Description of the task
Reproduce the records below exactly, but leave their pictures out of the copy.

== == ==

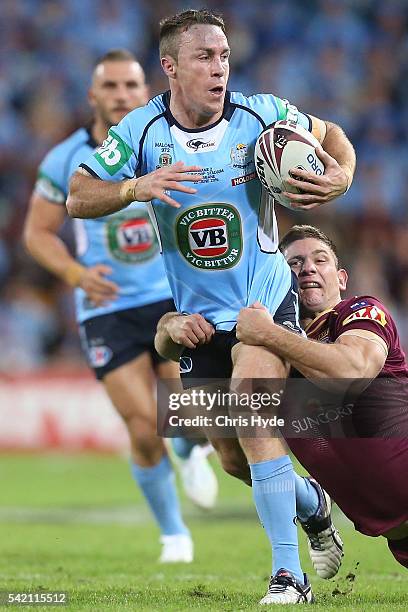 James Maloney of the Blues is tackled by Jacob Lillyman of the Maroons during game two of the State Of Origin series between the Queensland Maroons...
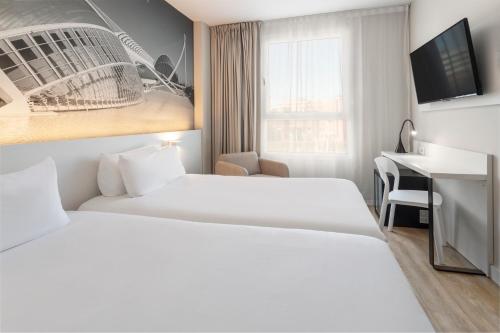 Postel nebo postele na pokoji v ubytování B&B HOTEL Valencia Ciudad de las Ciencias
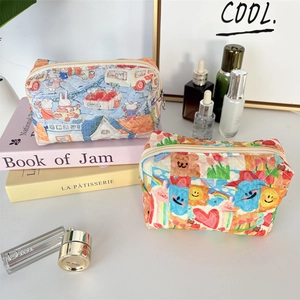 Detailed view of quilted cotton cosmetic bags with cute cartoon prints and zipper closure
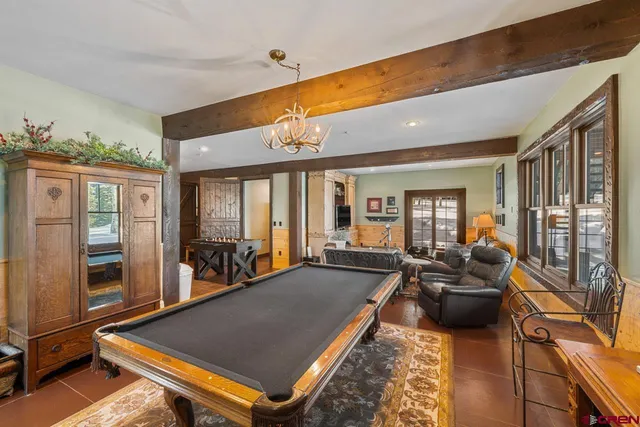 a room with furniture pool table and glass windows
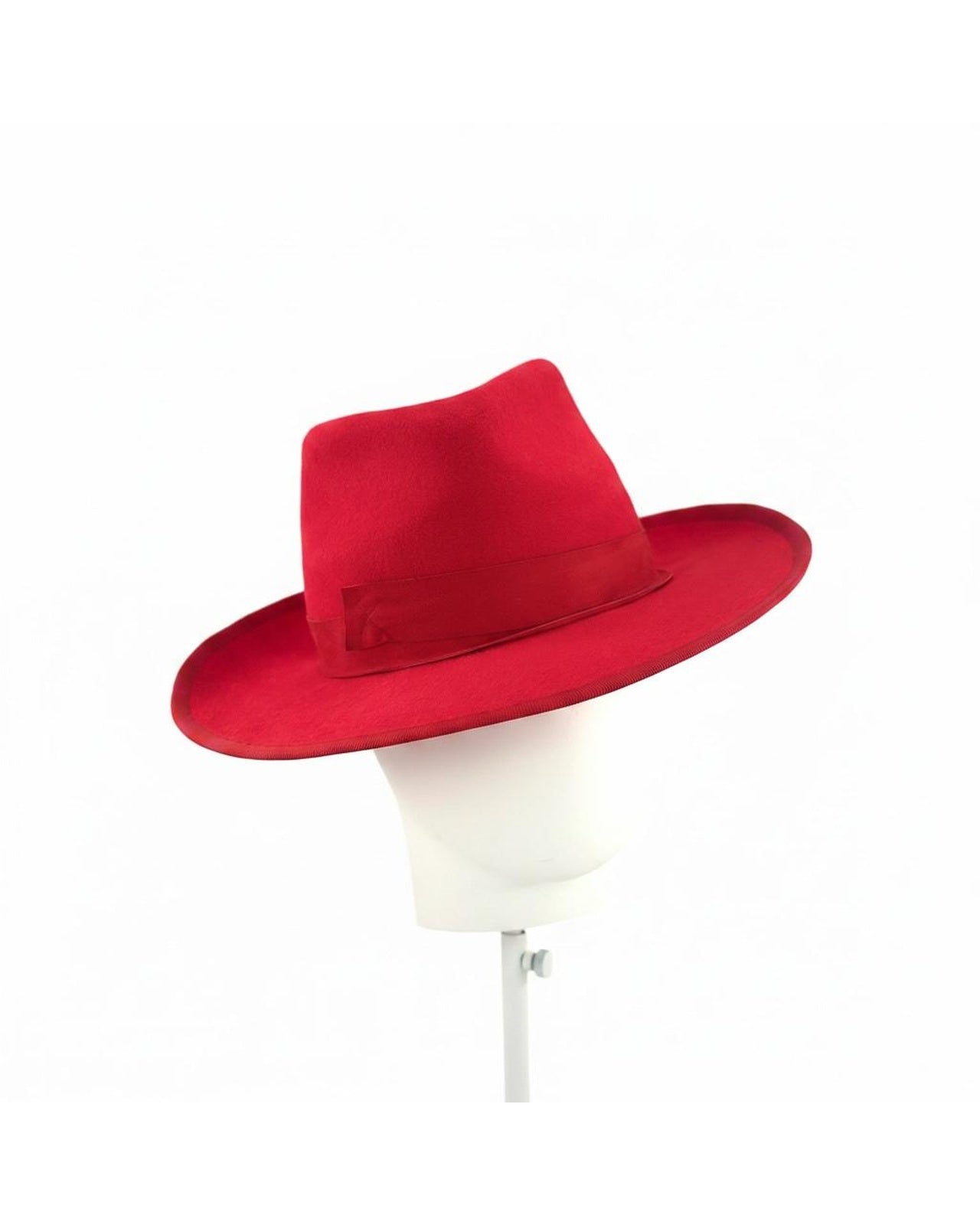 Scarlet red felt trilby shown on a block from an angle, hand blocked in London by Maria Monica London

== == ==

Solution for this problem
 James Maloney of the Blues is tackled by Jacob Lillyman of the Maroons during game two of the State Of Origin series between the Queensland Maroons...
 Postel nebo postele na pokoji v ubytování B&B HOTEL Valencia Ciudad de las Ciencias
 Detailed view of quilted cotton cosmetic bags with cute cartoon prints and zipper closure
 a room with furniture pool table and glass windows
 Scarlet red felt trilby shown on a block from an angle, hand blocked in London by Maria Monica London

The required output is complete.